Welcome To Earth, Mars

Mars Bar,

Well, here we are, mere hours from the first of hundreds and hundreds of shared birthdays (assuming you follow instructions and have my head properly frozen). I've gotten lots of birthday presents over the years, but this will be hard to top. I'm going to let someone else unwrap you though. Ick.

Sadly, you've beaten me to the finish line. Even if I stayed up all night I wouldn't finish my work before you got here. When I asked for another extension they told me I could take all the time I needed as long I handed it in by Monday. So, it looks like I'll be holding you with one hand and typing with the other.

Which frankly is indicative of the crappy reception you've gotten all the way around. When your sisters came it was a life altering production. I was an unemployed hobo (as opposed to those employed hobos you're always seeing) terrified that they would turn me into a minivan driving cliche. I didn't know if I really wanted kids, but I was sure I wanted to be more than just a parent. I wanted my life to matter for its own sake. And I thought no one would ever see me as anything but the thing pushing the stroller. None of which has come to pass, except for the minivan, which frankly was your fault. The point is, the night before the girls came felt sort of like I was jumping off a bridge. With you I feel more like I'm picking someone up at the airport. Which is to say that being second can suck, something I'm sure you'll understand as I try to stuff you into your sisters' pink hand me downs in the coming years.

But it also means you get much better parents than your sisters did. Frankly, we're pros at this now and every bump, bruise, backward diaper, or chewed tube of vulva cream that they've endured is one less you'll have to put up with. And you'll get something they never had, older siblings to love, hug, and probably dress you up in ways that may lead to gender confusion. I guess that part's kind of a mixed bag.

But what will never be second is how much you're loved. If seeing your sisters towering over the tiny clothes laid out for you today has taught me anything, it's that all this goes by in a flash. I can't promise that when you walk I'll react like I've never seen first steps before. But I assure you I'll react like I'm never going to see them again.

So enjoy your last night in another world. Tomorrow you become the new center of ours.

Wednesday, January 6, 2010

A Study In Heroism

Mars Bar,

A very sweet, if terribly misguided, young man wrote to me today to tell me that I'd 'kind of become his personal hero' which obviously doesn't bode well for him and says a lot about his low threshold for heroism, but I wrote back and asked him to feel free to tell me more and if he felt the need to use capital letters or express his admiration in the form of a poem, song, or letter to the NY Times I encouraged him not to hold back. Long story short, we're now best friends and I'm trying to adopt him in the hopes he'll let me call him Mojo.

Certainly, it's easy to minimize this occurrence.
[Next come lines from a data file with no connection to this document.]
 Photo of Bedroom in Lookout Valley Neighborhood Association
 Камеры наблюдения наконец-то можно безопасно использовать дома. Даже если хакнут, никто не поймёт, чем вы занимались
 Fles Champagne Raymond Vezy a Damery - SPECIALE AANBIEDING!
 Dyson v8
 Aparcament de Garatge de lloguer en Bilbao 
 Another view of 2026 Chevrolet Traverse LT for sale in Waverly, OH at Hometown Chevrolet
After all, people do regularly write to prison inmates saying how much they admire their work and occasionally proposing marriage, and I won't lie, I was a little disappointed that the 'M' word didn't even come up in his letter. Also, for every 'you're my hero' mail I get (so far, just the one) I also recieve about a thousand 'you're a moron and I wish someone would set you on fire' mails. And that's just counting the ones from your mom. Ba Zing! Point being, the internet is a fickle mistress that occasionally makes you feel warm, fuzzy, and egotistical but mostly makes you feel like we're headed for an apocalypse brought on by an epidemic of poor spelling and cat videos.
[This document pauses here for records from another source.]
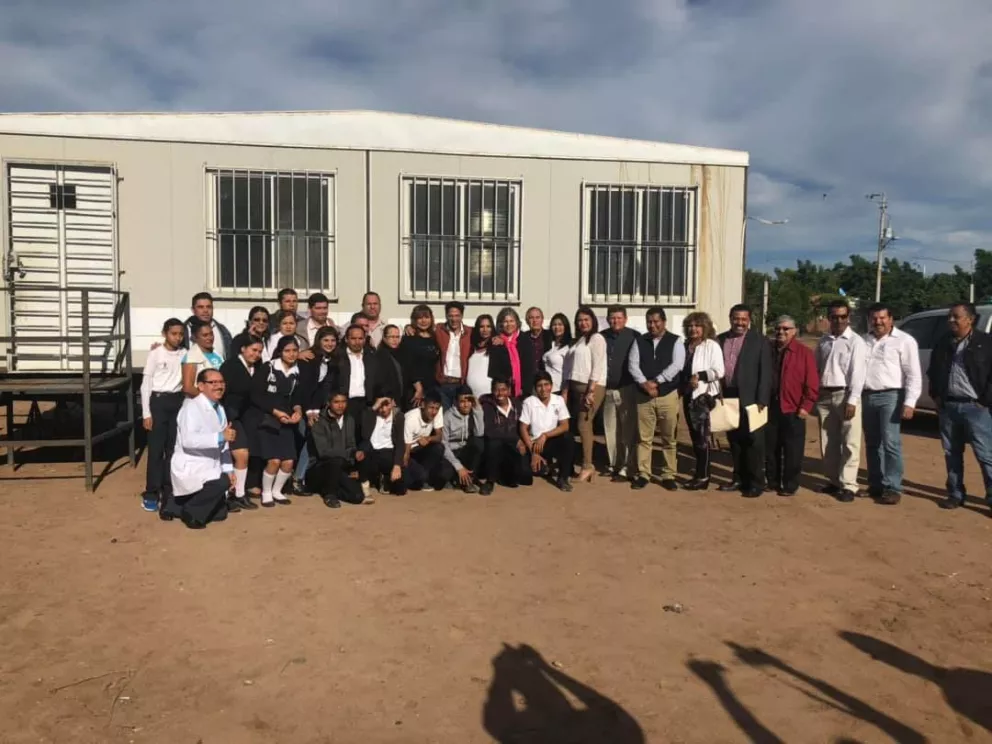 Entregan aula móvil a secundaria Nueva Creación de Villa Juárez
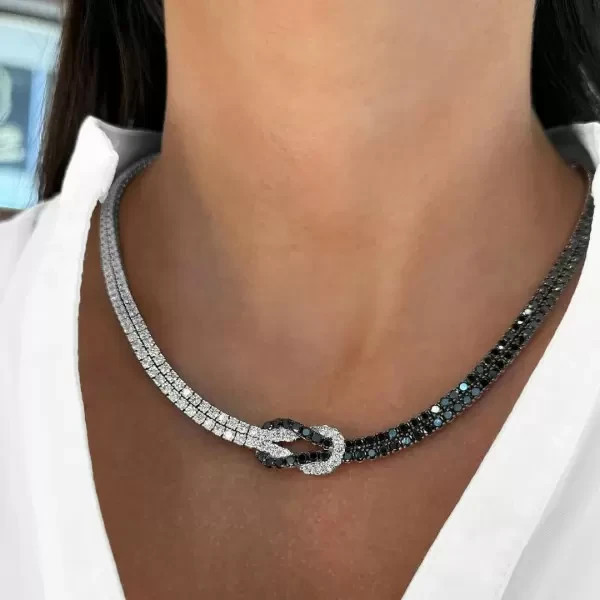 Collar de nudo de diamantes negros creado en laboratorio de corte redondo de 24 quilates chapado en oro de dos tonos de 14 quilates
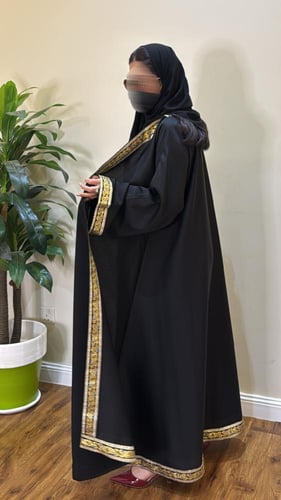 عباية سيلفيا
Anyway, by the time you're old enough to form an opinion, what's left of me will probably appear more doughnut than human, and the idea that you yourself could admire the man who slaps a lawnmower engine on your bicycle instead of giving you a car for your 16th birthday will no doubt seem absurd. But I will then refer you back to this post and you will see that for one brief moment just before you were born, someone, possibly intoxicated and almost certainly deranged, felt that I was hero material. And you will say, that's great Dad, can I please just have the keys to my lawnmower bike? And I will say, no, not until you bring me a doughnut.

Tuesday, January 5, 2010

Hat

Mars Bar,

Just rolling stream of consciousness style tonight. Between work, trying to organize a green card marriage for Stacey, and your impending arrival I just don't have time to organize my thoughts into a focused, crafted, and hilarious piece. As the mall Santa used to say when I was a kid, 'just be glad you're getting anything."

I'm not really trying to organize a greencard marriage, but that's only because Stacey seems really resistant to it. Instead we've been looking at sending her to school so she can stay. It sounded good until we started making the schedule and realized that she'd spend every hour of her life either writing freshman compositions or watching three bizarrely named children. Once she sits on that for a few days my craigslist husband hunt might start to seem more attractive.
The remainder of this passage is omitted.